Bisognerebbe investire di più anche in educazione? 
L’educazione è fondamentale. A scuola, in Italia, si fanno poche Scienze, ancor meno si insegnano le Scienze della terra, che spesso oltretutto si riducono allo studio di grandi fenomeni, come i vulcani o gli oceani. Quasi mai si spiega agli studenti cosa sono una frana o un terremoto e come ci si comporta in caso di disastri simili. Una materia che dovrebbe diventare obbligatoria a partire dalle scuole primarie. Anche a livello universitario la situazione non è rosea. Ci troviamo in una situazione molto preoccupante. Quella delle Scienze della terra è una comunità scientifica piccola e per effetto della riforma Gelmini, che prevede ci debbano essere minimo 40 docenti dello stesso settore per tenere aperto un dipartimento, molti stanno chiudendo. In un Paese come il nostro, afflitto quotidianamente dal dissesto idrogeologico, al sesto posto nel mondo per la produzione scientifica in questo ambito, si sta disperdendo la preziosa cultura geologica. Il dipartimento di Bologna, dove Ulisse Aldovrandi nel 1603 coniò la parola “geologia”, è stato chiuso nel 2012. La stessa sorte è toccata a quello di Siena. Il dipartimento di Firenze è ancora aperto, ma chissà per quanto tempo ancora funzionerà. Oltretutto, non si è seguita una linea logica nell’accorpamento ad altri dipartimenti: in alcuni casi siamo finiti con Botanica, in altri con Chimica, o Fisica, o Ingegneria. 

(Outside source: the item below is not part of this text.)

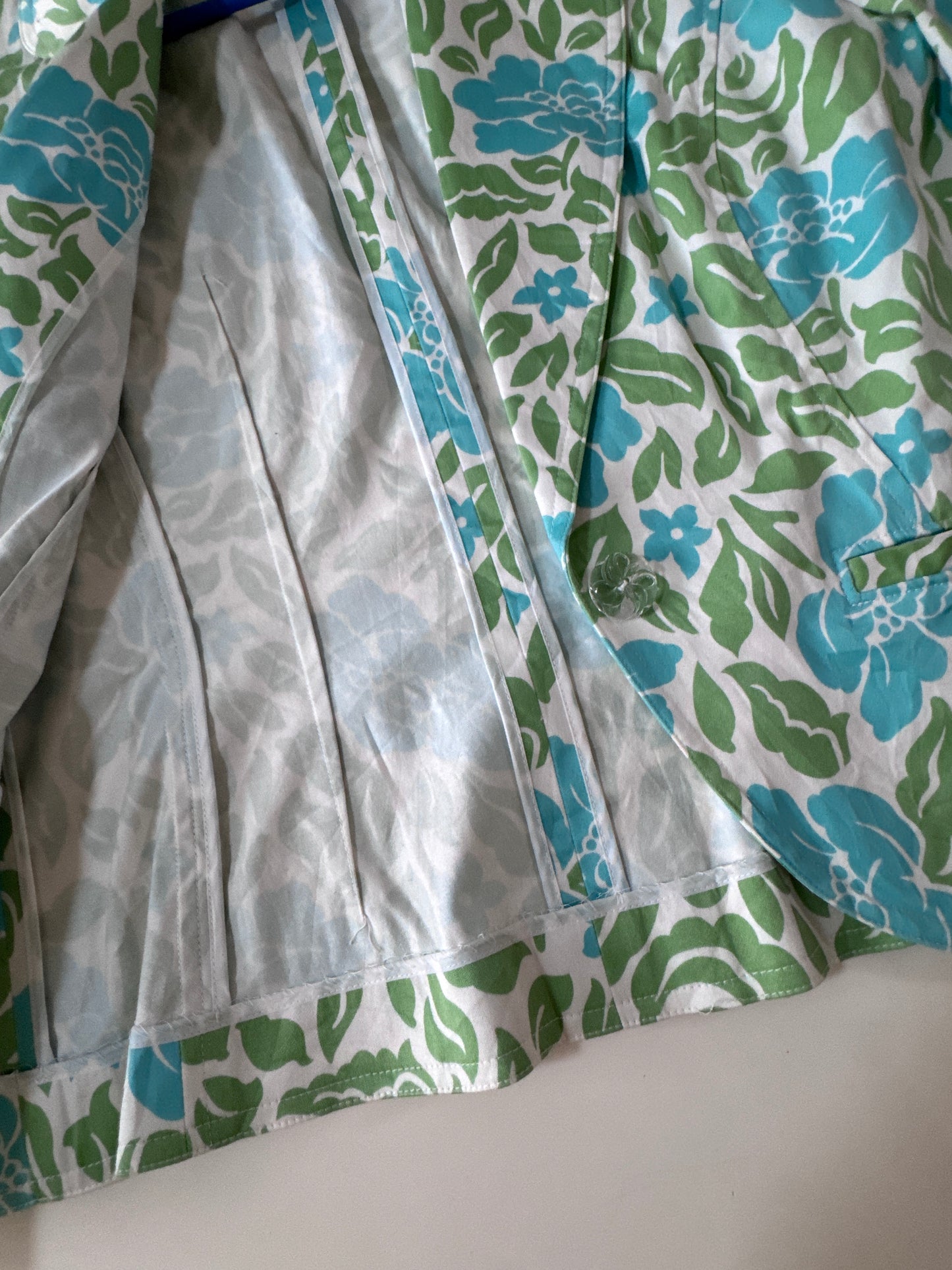 Saco 3/4 estampado flores, Talla M Petite, Mujer, Caslo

Il ministro dell’Ambiente Corrado Clini ha recentemente lanciato un Piano per combattere il dissesto idrogeologico, prevedendo investimenti per 40 miliardi in 15 anni. È sufficiente secondo lei? 
In realtà il Piano non è una novità. Era già stato elaborato negli anni Sessanta dopo l’alluvione di Firenze e aggiornato negli anni Novanta dalle Autorità di bacino. Anche la dotazione era la stessa: 9 miliardi di lire era il fabbisogno stimato per mettere in sicurezza idrogeologica il Paese a conclusione dei lavori della Commissione De Marchi nel 1974; considerando le opere già realizzate e lo sviluppo delle tecnologie, tale stima è equivalente ai 40 miliardi di euro del Piano del ministro Clini di oggi. Abbiamo tutto, bisogna solo decidersi a investire.